ある団体の修繕計画の策定に関わったことがある。法制度化された以降の点検であることから、当然近接目視点検を行い、その結果から診断し、修繕計画策定を策定する一般的な流れである。まずは、点検・診断結果を見て驚いた。支承モルタルにひび割れがあると原因を確かめもせずに全て支承交換と決めている。支承モルタルのひび割れは、単なるモルタルの乾燥収縮によるものなのか、支承自体の不具合で機能不全となっているのか、下部構造の移動や不同沈下によるものなのか等原因は種々考えられる。支承モルタルのひび割れを確認するだけでなく、車両通過する際に異音や振動が無いか等を確認することが最低限必要なはずである。
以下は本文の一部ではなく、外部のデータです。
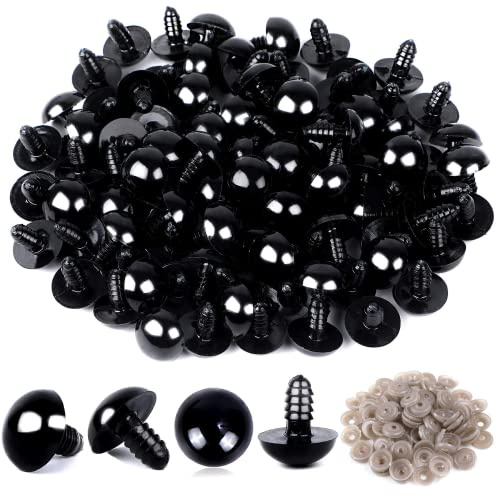 UPINS Sicherheitsaugen für Häkeltiere, 120 Stück 20MM Kunststoff Sicherheitsaugen mit Unterlegscheiben Schwarz Safety Eyes Knopfaugen Puppenaugen für Häkeltiere Puppe Plüschtier Basteln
私の経験から支承に関連した重大損傷を事例として紹介する。定期点検結果を確認中、支承周辺のモルタルが損壊しているのを発見、現場確認を行うこととした。対象は都内の幹線道路に架かる高架橋である。桁下で主桁や落橋防止システムを目視で診ているとき、車両通行時に伸縮装置周辺、特定の支承付近から異音がするのを発見した。どこの支承からするのか確認したところ点検結果を見た支承モルタルがひび割れ、近くによって確認するとわずかに主桁が上下動しているが明らかとなった。主桁が動いているということは、当然取りついている横桁に負荷がかかり疲労亀裂発生の可能性を考え、周辺を注意深く見ると横桁上フランジのコーナーに微細な溶接割れとさび汁を確認した。当然、直ぐに上下動している支承部付近を仮支えし、亀裂発生部を当て板補修、支承交換を行うことで横桁の破断を防ぐことが出来た。私が優れた技術者であるわけではなく、種々な経験と周囲から提供された種々な情報でより注意深くなったことによってここにあげた疲労亀裂を発見できたことにある。
写真9 モルタルがはく離し、主桁が上下動していた支承(左)/写真10 案の定、疲労亀裂が発生した横桁上フランジ(右)
技術者に必要なのは、第一に技術力、第二に想像力、第三に倫理観である。特に、橋梁等構造物に関係する技術者は想像力が必要不可欠である。